Barton and Romanoff have no superpowers whatsoever. They don’t even have any super weapons – true, theirs are a little souped-up, perhaps even beyond what’s available in the real world, but on a battlefield that contains Mjolnir and the Iron Man armor, they don’t deserve the title of superweapons. They have only their training and skills, and those are sufficient to make them Avengers.

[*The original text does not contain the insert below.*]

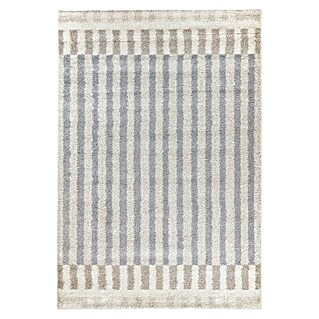Alfombra de pelo largo Rayas (Natural, 110 x 60 cm, 100% Polipropileno)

So which of the two is the better? Well, the movie conveniently already answered that for us:
I like this fight. I really do. It’s brutal. It’s dirty. There’s biting and hair-pulling. Clint wisely pulls a knife at his first opportunity and still gets his head banged against the scenery for his troubles. These are not two superheroes fighting for Truth, Justice, and The American Way with one hand tied behind their backs, these are two soldiers who need to do whatever they can to win. Each uses their physical advantages to best effect: once his bow is taken out of the equation (but only then), Clint keeps trying to close, to pin and overwhelm Natasha with his greater bulk. For her part, Natasha tries to keep the fight moving, so she can maximize her greater agility. In the end, well, Clint is a sniper, the best in the MCU, but Natasha’s a ninja.
Somebody hit that girl with some Gamma Rays and give her a rematch with The Hulk. We need to figure out Who Would Win The Fight.